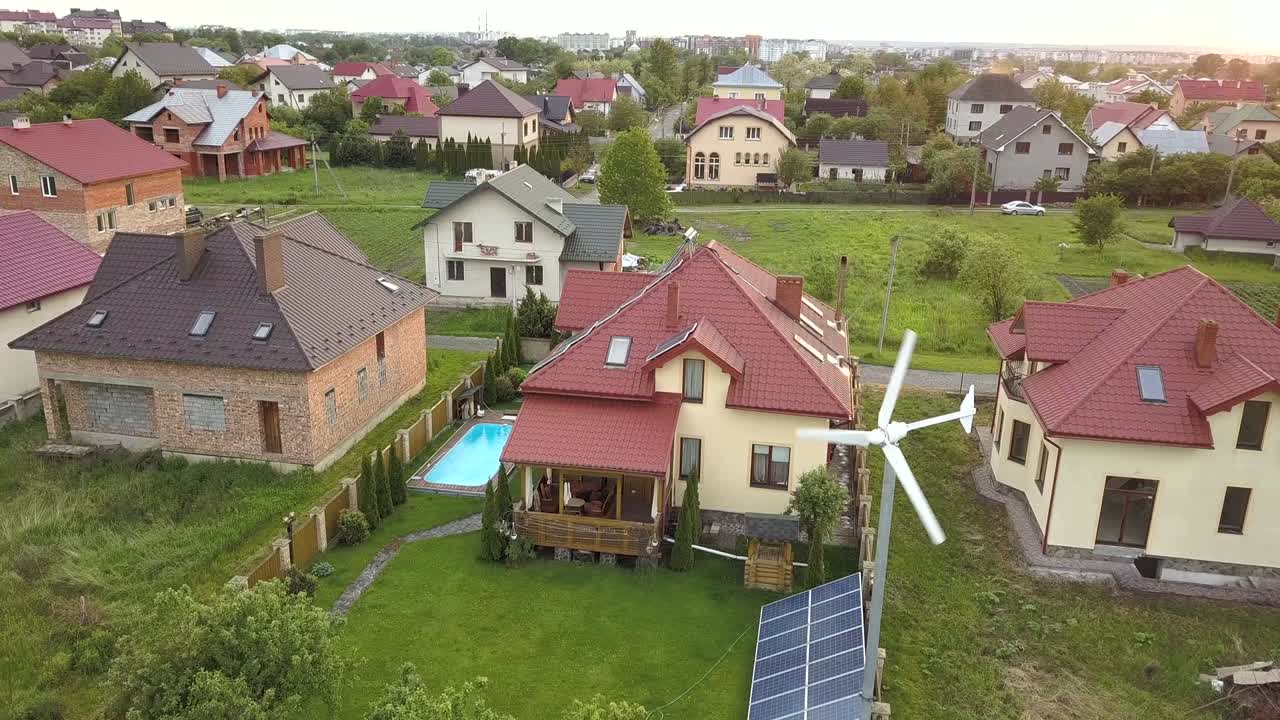воздушный вид на пригородные дома и частный дом с зеленым травяным двором, солнечными панелями на крыше, бассейном с голубой водой и ветряным турбиновым генератором.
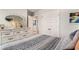 Bright bedroom features a patterned comforter, white dresser, and a decorative mirror at 217 Woodland Oak Way, Summerville, SC 29485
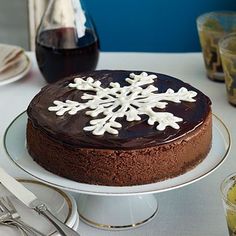 a chocolate cake with white snowflakes on it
□ □ □ □ □ □ □
Exercise — Write down exactly the lines running from the line with "Bright bedroom features" through the end of the material, both ends included, and none of the pictures.

Problem solution —
 Bright bedroom features a patterned comforter, white dresser, and a decorative mirror at 217 Woodland Oak Way, Summerville, SC 29485
 a chocolate cake with white snowflakes on it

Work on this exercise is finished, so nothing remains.